Exercise
The line with "Amazon.co.jp: Panasonic Lumix" marks the first line to copy, and the line with "شقة - غرفة نوم" marks the last. Transcribe that stretch of the data below exactly, without pictures.

Record extracts
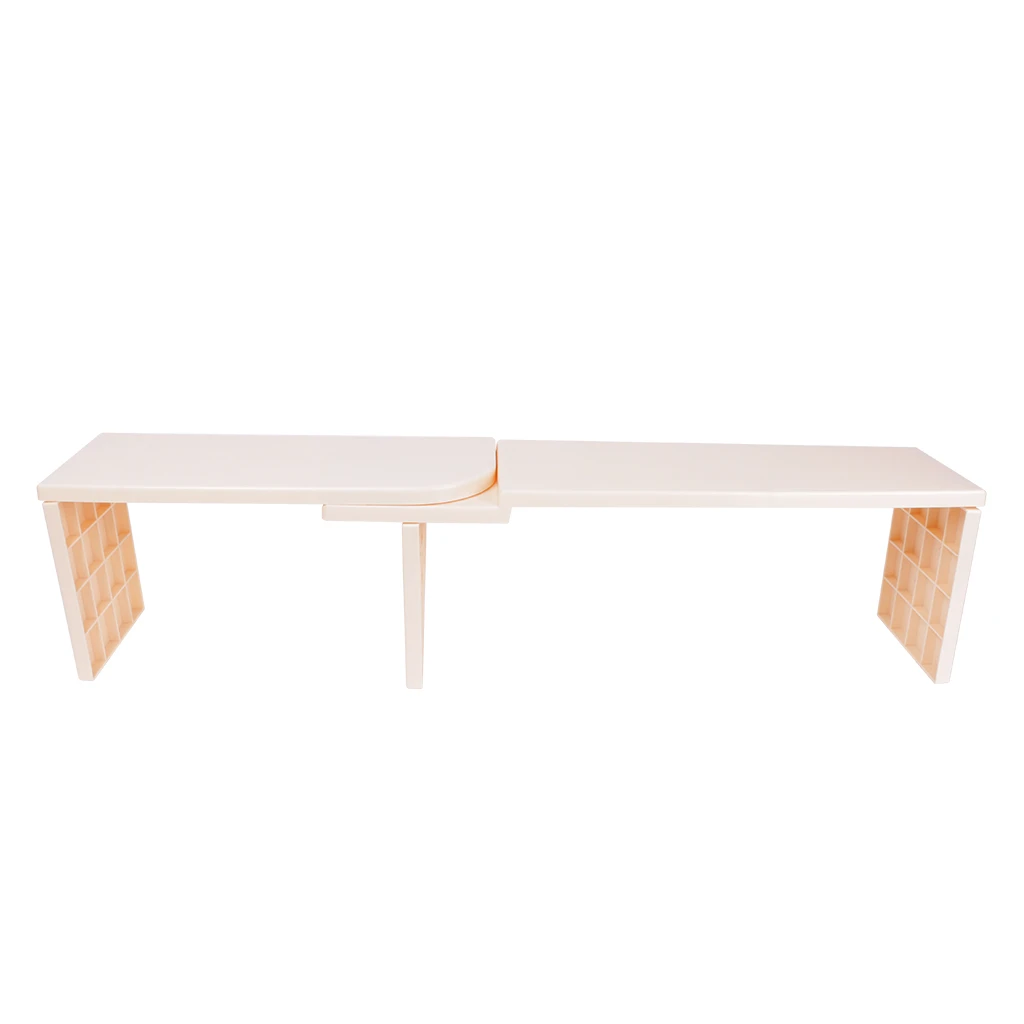 Raft-organizator pentru bucatarie decobella, 15x11,7x67 cm 4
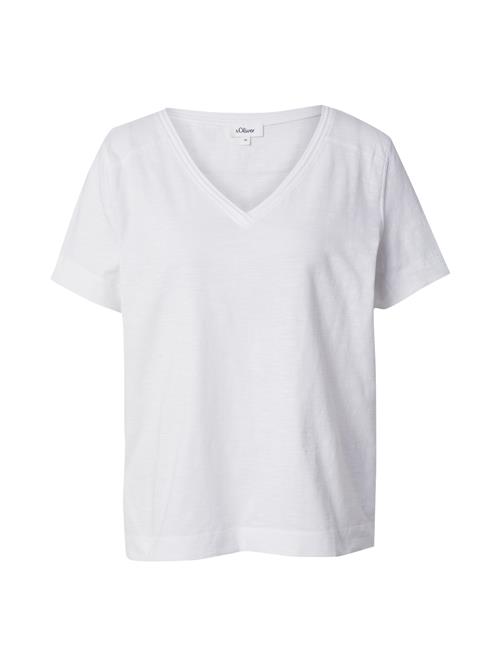 s.Oliver Shirts  hvid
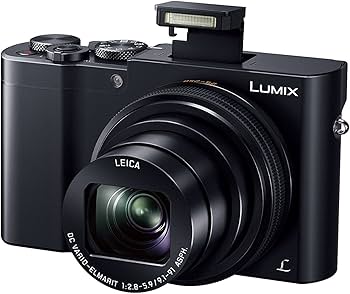 Amazon.co.jp: Panasonic Lumix DMC-TX1-K Compact Digital Camera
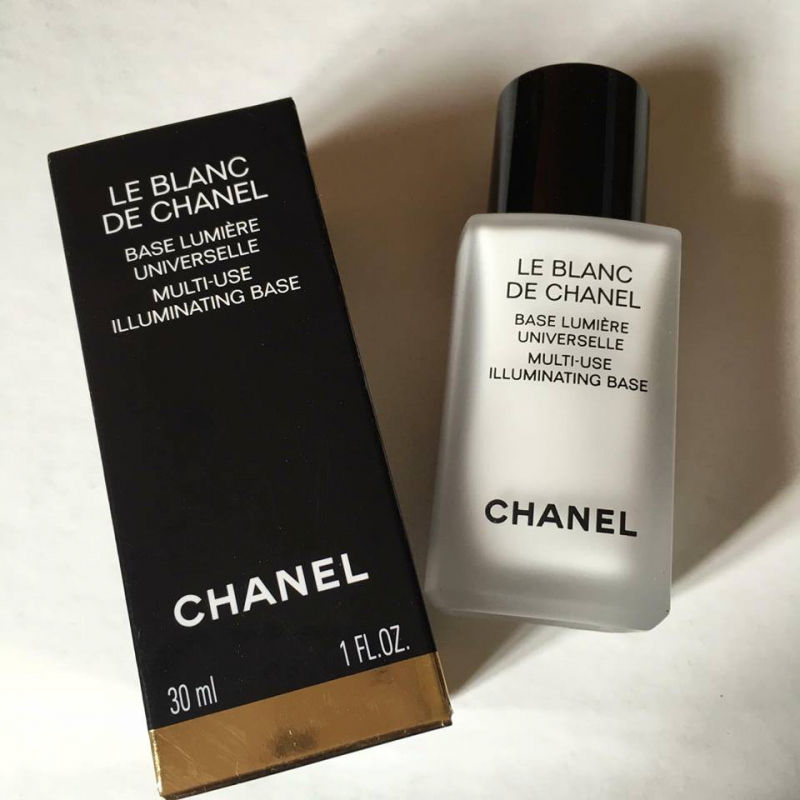 Kem lót Chanel Le Blanc De Multi-Use Illuminating Base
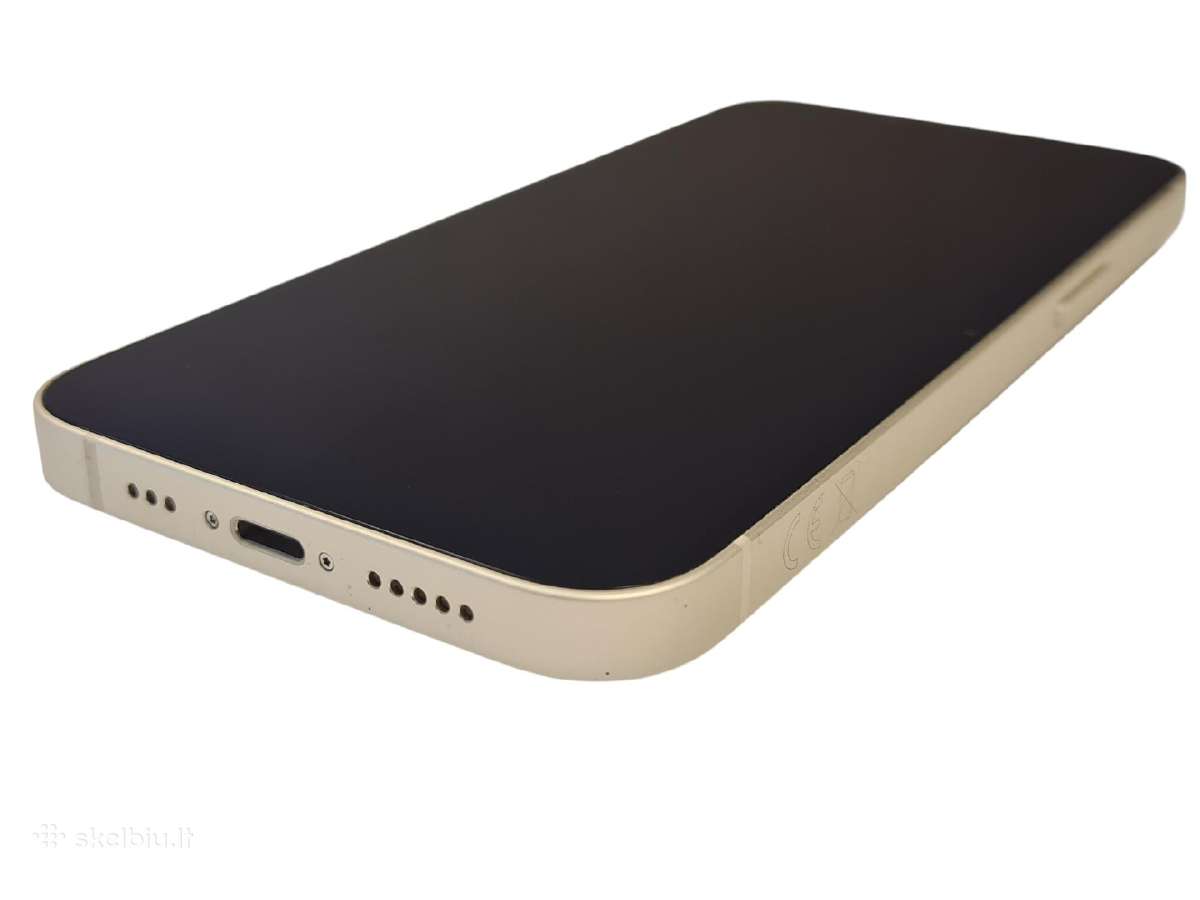 iPhone 13 128gb + 3 mėn. garantija - nuotraukos Nr. 6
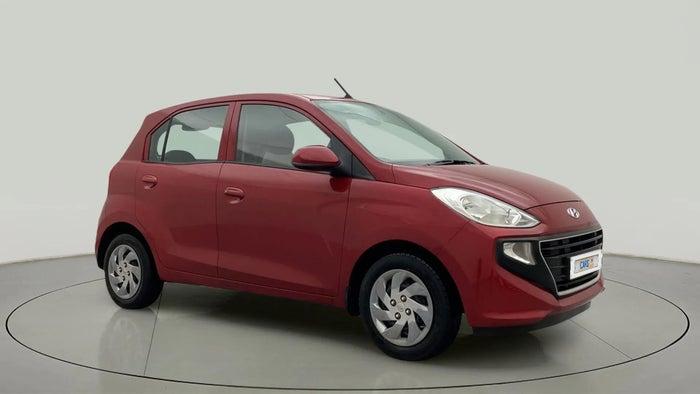 2021 Hyundai NEW SANTRO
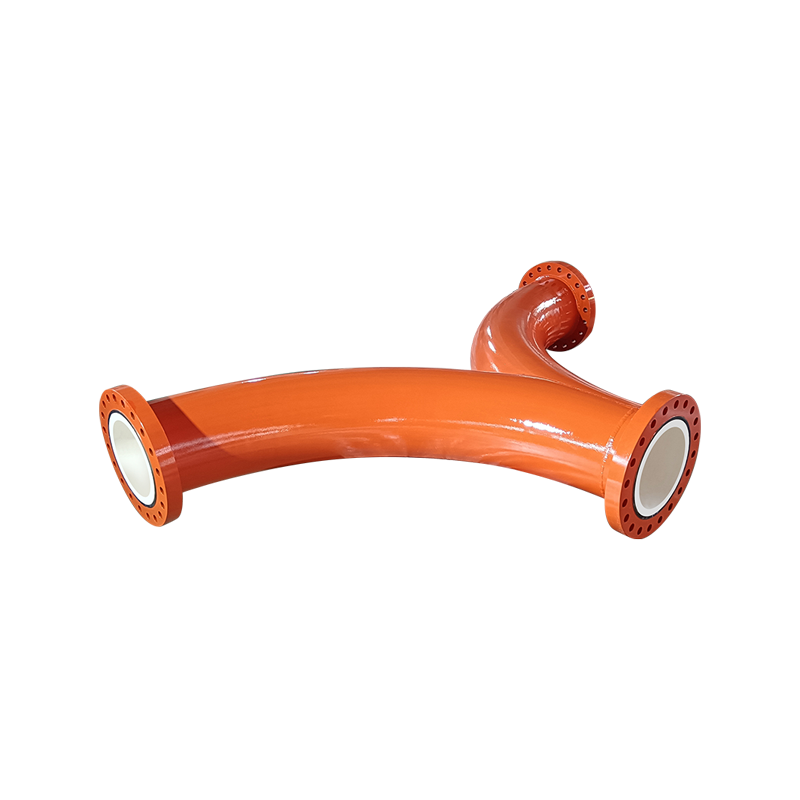 Ceramic annulum gerunt repugnant pipe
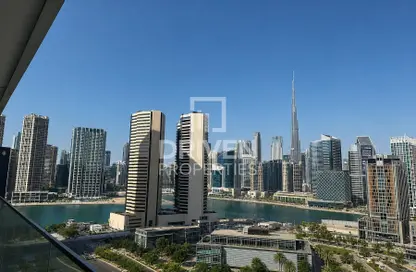 شقة - غرفة نوم - 2 حمامات للبيع في سول باي - الخليج التجاري - دبي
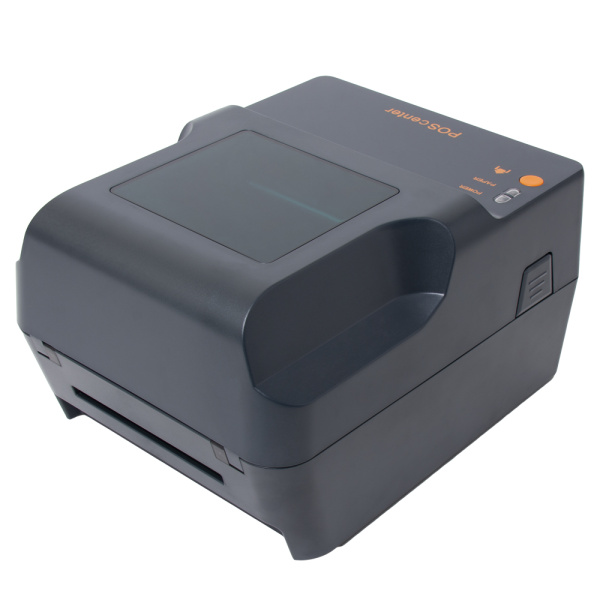 POScenter,принтер чеков poscenter rp-100 use (80мм, 260 мм/сек, автоотрез, rs232+usb+lan) черный
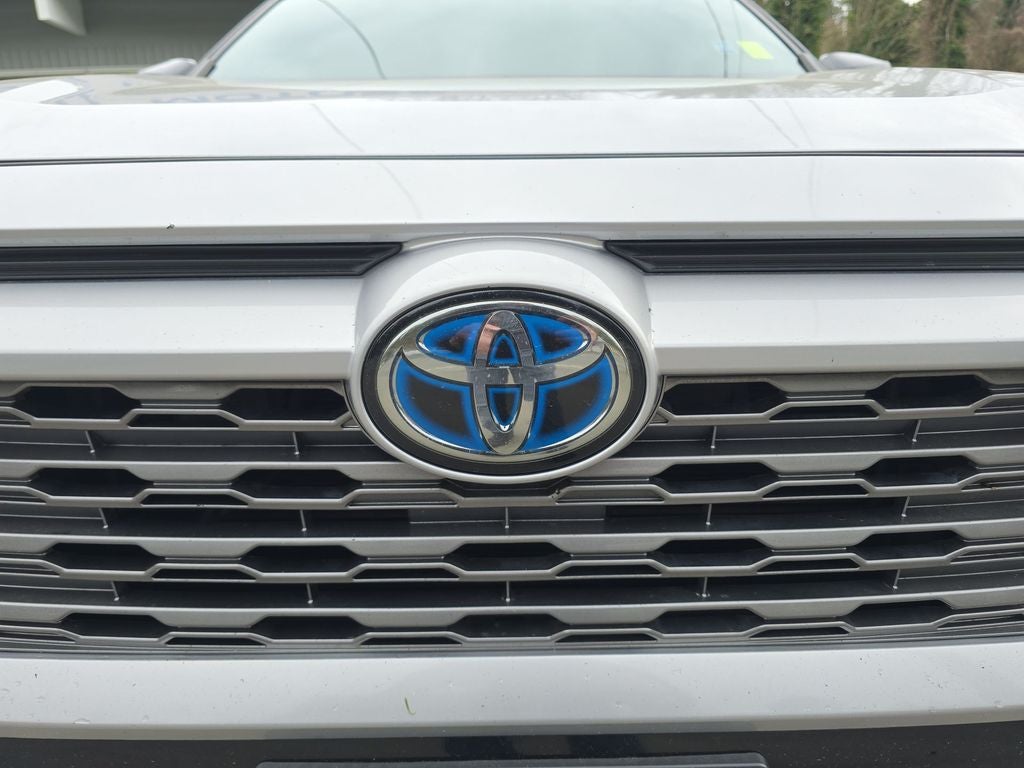 2019 Toyota RAV4 Hybrid XSE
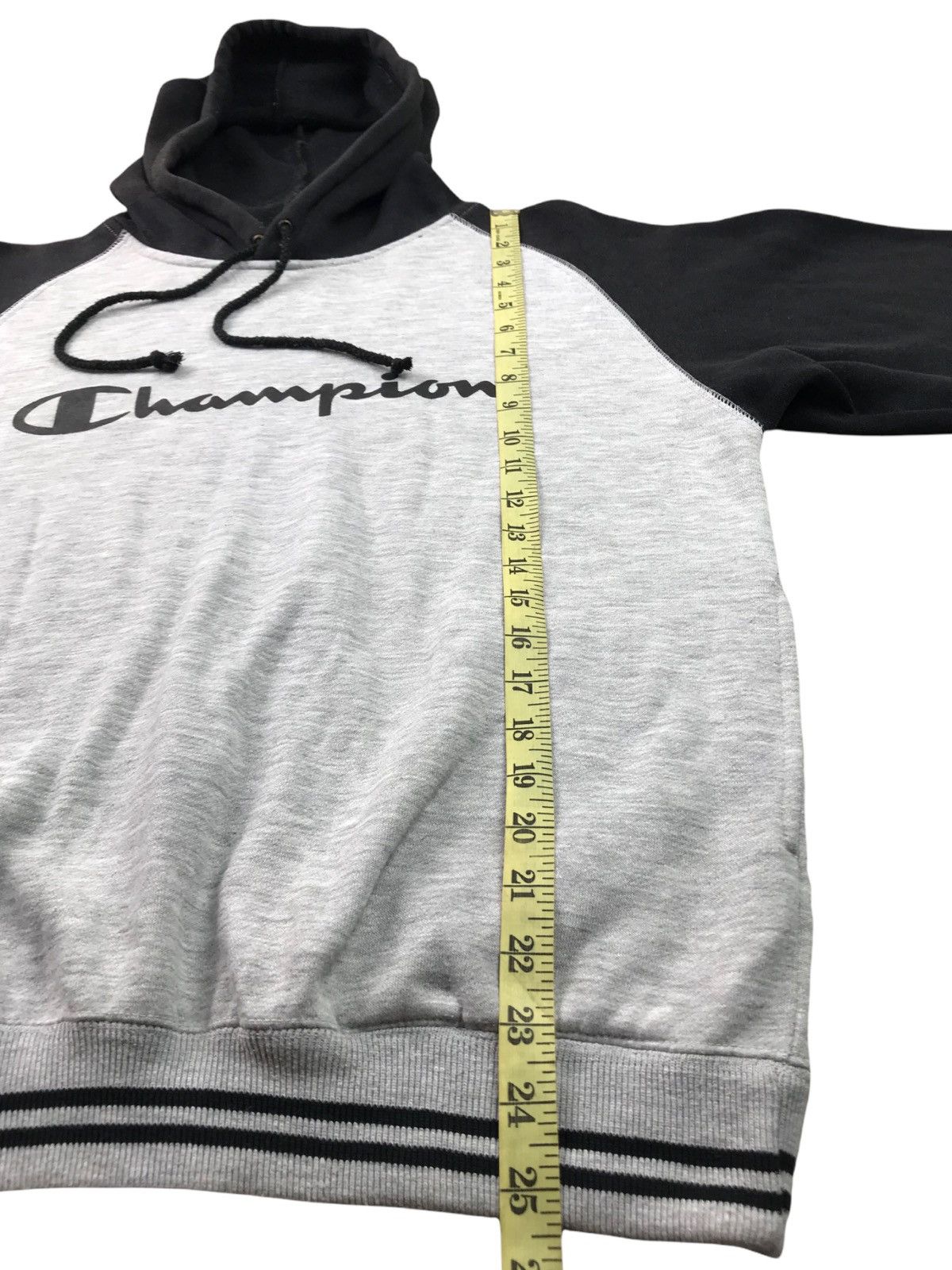 Champion × Vintage 🔥VINTAGE 90’s CHAMPION HOODIES PULLOVER BIG LOGO Size US M / EU 48-50 / 2 - 12 Thumbnail
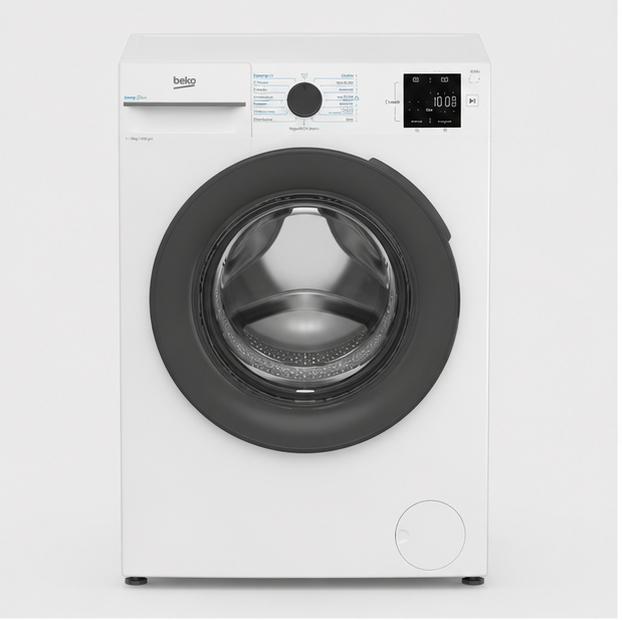 BMWU31041A Beko lavatrice classe A 10kg 1400 giri libera installazione bianca
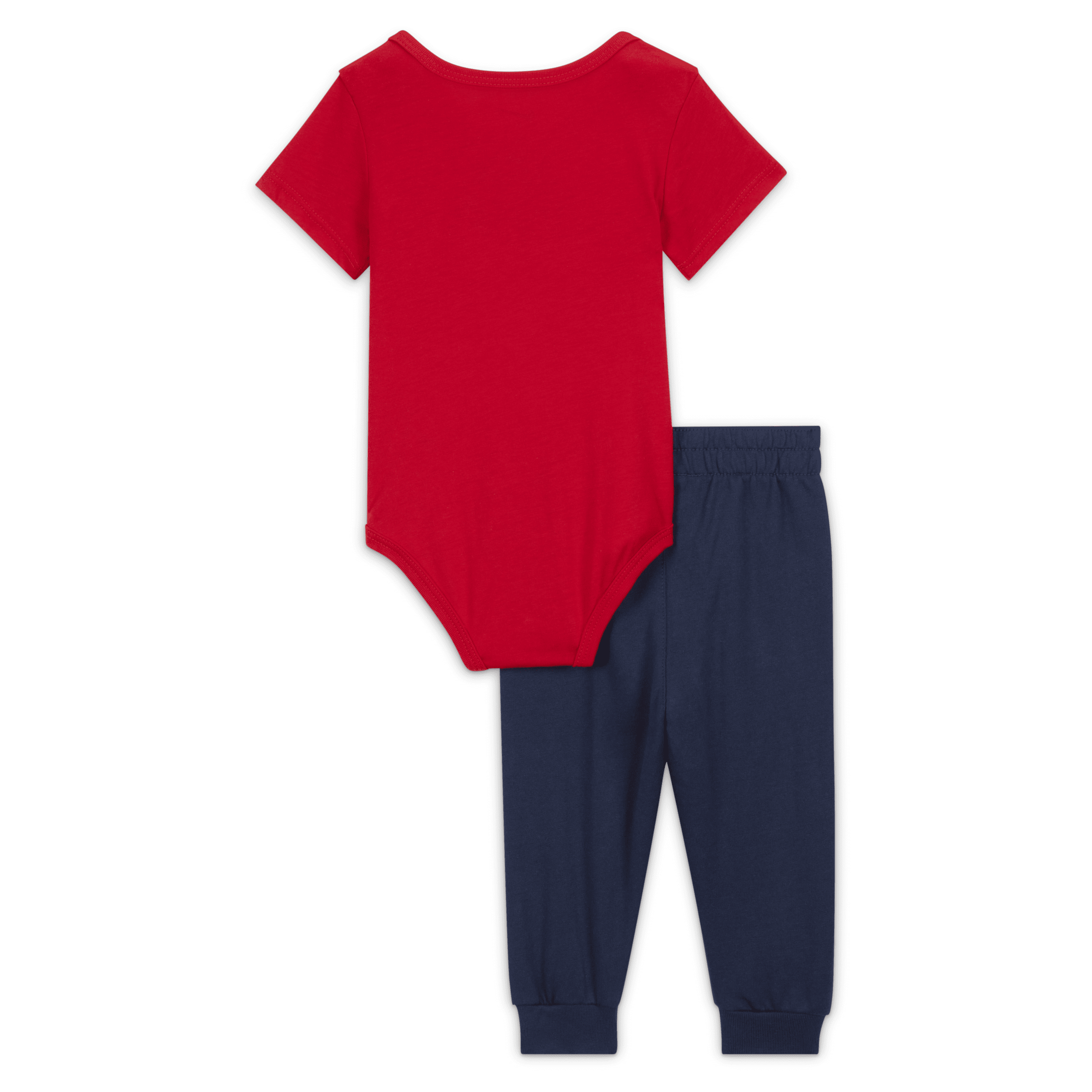 Thumbnail - Nike Bodysuit and Pants Set Set für Babys (3–6 M) - Blau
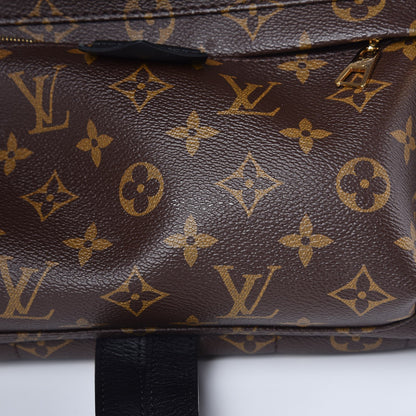 Louis Vuitton Monogram Palm Springs Backpack MM 8 of 8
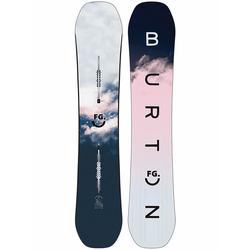 Burton Feelgood Flying V 149 2022 Snowboard no color Gr. Uni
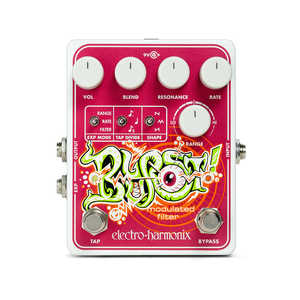 ELECTROHARMONIX エフェクター Blurst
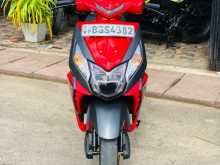 Honda Dio 2018 Motorbike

Task answer
 Amazon.co.jp: Panasonic Lumix DMC-TX1-K Compact Digital Camera
 Kem lót Chanel Le Blanc De Multi-Use Illuminating Base
 iPhone 13 128gb + 3 mėn. garantija - nuotraukos Nr. 6
 2021 Hyundai NEW SANTRO
 Ceramic annulum gerunt repugnant pipe
 شقة - غرفة نوم - 2 حمامات للبيع في سول باي - الخليج التجاري - دبي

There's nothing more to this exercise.